Inheriting a large estate, and being allied either by marriage or by blood with most of the powerful families of the province, and being himself a man of good talents and most respectable character, he made rapid advance in his profession, and gained a high place in the esteem and confidence of his fellow-citizens; so that when the first Congress met at Philadelphia, in 1774, John Jay was one of those who represented in it the colony of New York. He was then twenty-nine years of age, and was, perhaps, the youngest member of the body, every individual of which he outlived.

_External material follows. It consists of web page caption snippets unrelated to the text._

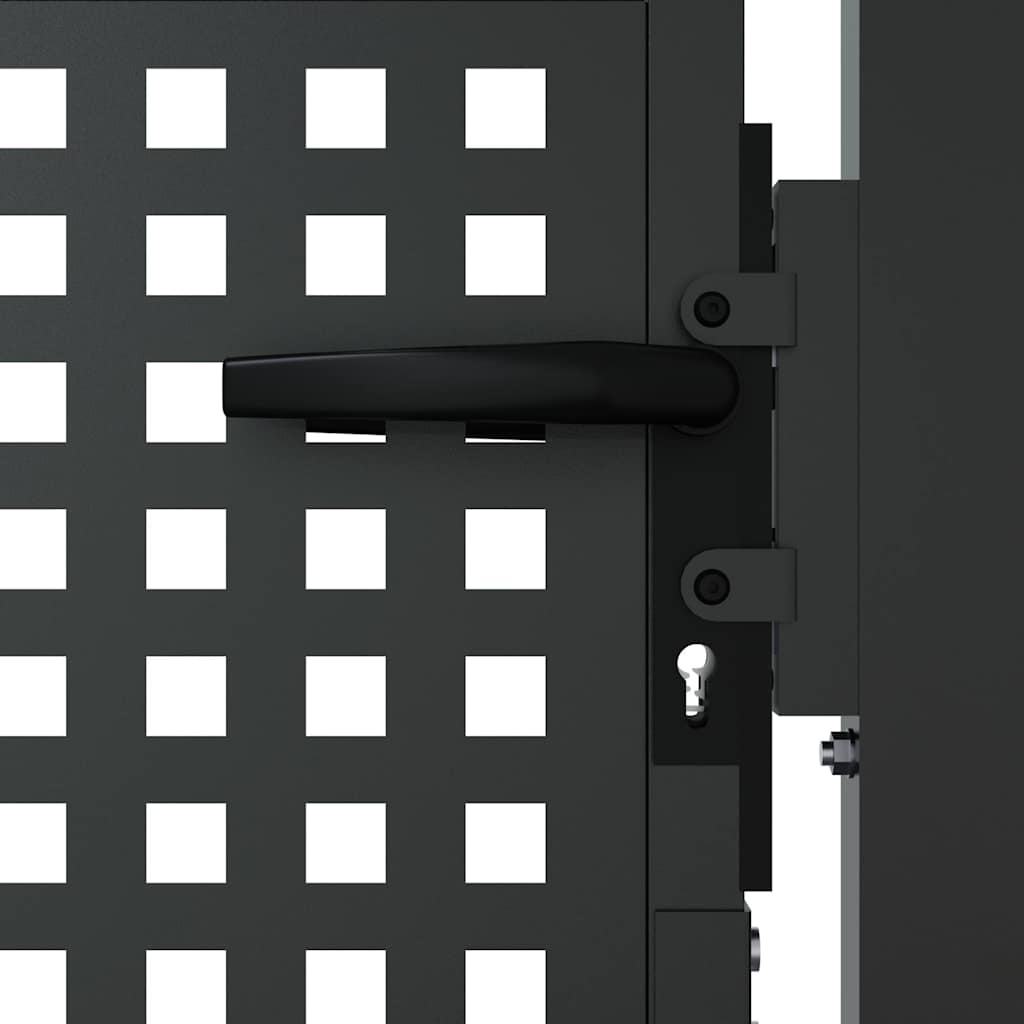 Gartentor Anthrazit 100x175 cm Stahl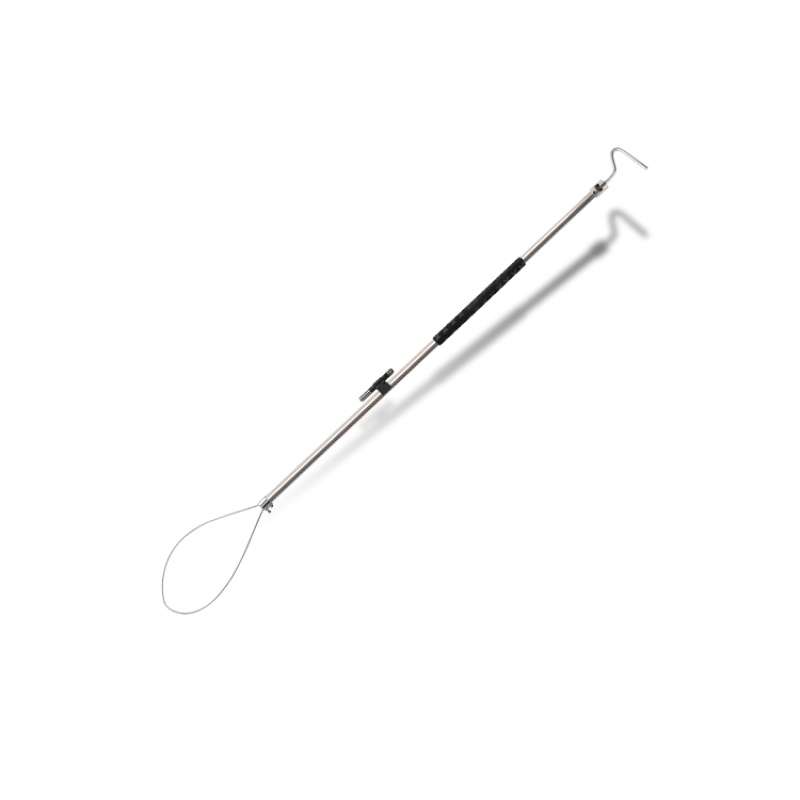 Dog Catch Pole(Black Non-Slip Sheath, LED light)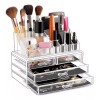 Clicmania Organizador Cosmeticos Maquillaje Acrilico Labiales Brochas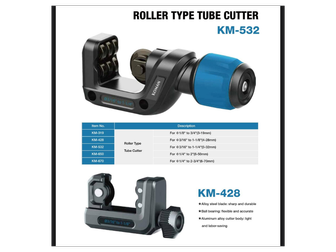 חותך צינורות KM-428 3/16-1.1/8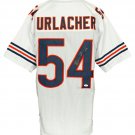 Brian Urlacher Signed In Gold Custom White Pro-Style Football Jersey BAS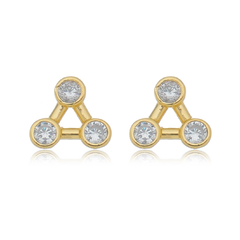 950 Sterling Silver Three Sisters earrings gold plated or not - buy online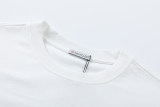 Summer Simple Letter Embroidery Cotton Round Neck T-Shirt White T2026#202358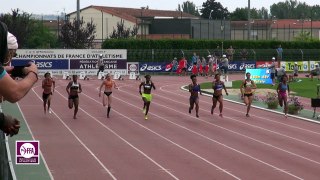 Albi 2017 : Finale 100 m Nationaux F (Jennifer Galais en 11''55)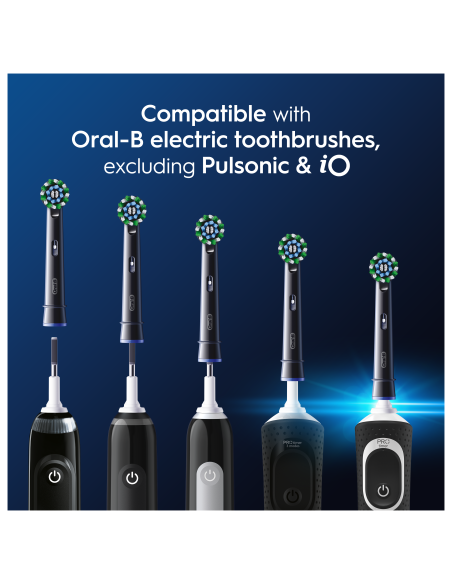 Oral-B EB50-2 Cross Action Pro Black Varuharjad, 2 tk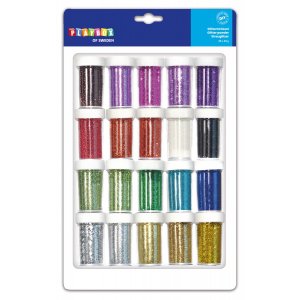 Glitzerstreusel gemischt 20 g - 20 Stk Glitzerstreusel gemischt 20 g - 20 Stk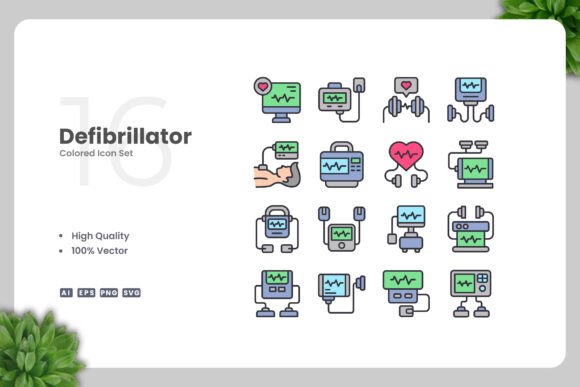 Defibrillator Colored Icons: A Strategic Design Tool for Modern Communication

Some of the best written papers of that session were of his composition. It was he who wrote that memorable address to the people of Great Britain, in which the wrongs of the colonists were expressed with so much eloquence, conciseness, and power. He left his lodgings in Philadelphia, it is said, and shut himself up in a room in a tavern to secure himself from interruption, and there penned the address which was the foundation of his political fortunes.

At an early period of the Revolution he was appointed Minister to Spain, where he struggled with more persistance than success to induce a timid and dilatory government to render some substantial aid to his country. He was afterwards one of the commissioners who negotiated the treaty with Great Britain, in which the independence of the United States was acknowledged, and its boundaries settled. Soon after his return home Congress appointed him Secretary for Foreign Affairs, which was the most important office in their gift, and in which he displayed great ability in the dispatch of business.

Like all the great men of that day--like Washington, Jefferson, Franklin, Hamilton, Patrick Henry, John Randolph, and all others of similar grade--John Jay was an ardent abolitionist. He brought home with him from abroad one negro slave, to whom he gave his freedom when he had served long enough to repay him the expense incurred in bringing him to America.

Mr. Jay, upon the division of the country into Republicans and Federalists, became a decided Federalist, and took a leading part in the direction of that great party. President Washington appointed him Chief-Justice of the Supreme Court, an office which he soon resigned. The most noted of all his public services was the negotiation of a treaty with Great Britain in 1794. The terms of this treaty were revolting in the extreme, both to the pride of Americans and to their sense of justice; and Mr. Jay was overwhelmed with the bitterest reproaches from the party opposed to his own. No man, however, has ever been able to show that better terms were attainable; nor can any candid person now hold the opinion that the United States should have preferred war to the acceptance of those terms. If a very skillful negotiator could have done somewhat better for his country, Mr. Jay did the best he could, and, probably, as well as any man could have done.

Never was a public man more outrageously abused. On one occasion, a mob paraded the streets of Philadelphia, carrying an image of Mr. Jay holding a pair of scales. One of the scales was labeled, "American Liberty and Independence," and the other, "British Gold," the latter weighing down the former as low as it could go, while from the mouth of the effigy issued the words:

"Come up to my price and I will sell you my country."

The effigy was finally burnt in one of the public squares.

Notwithstanding this storm of abuse, Mr. Jay was elected Governor of New York, from which office he retired to his pleasant seat at Bedford, where he spent the remainder of his life. He lived to the year 1829, when he died, aged eighty-four years, leaving children and grandchildren who have sustained his high character, illustrated his memory, and continued his work.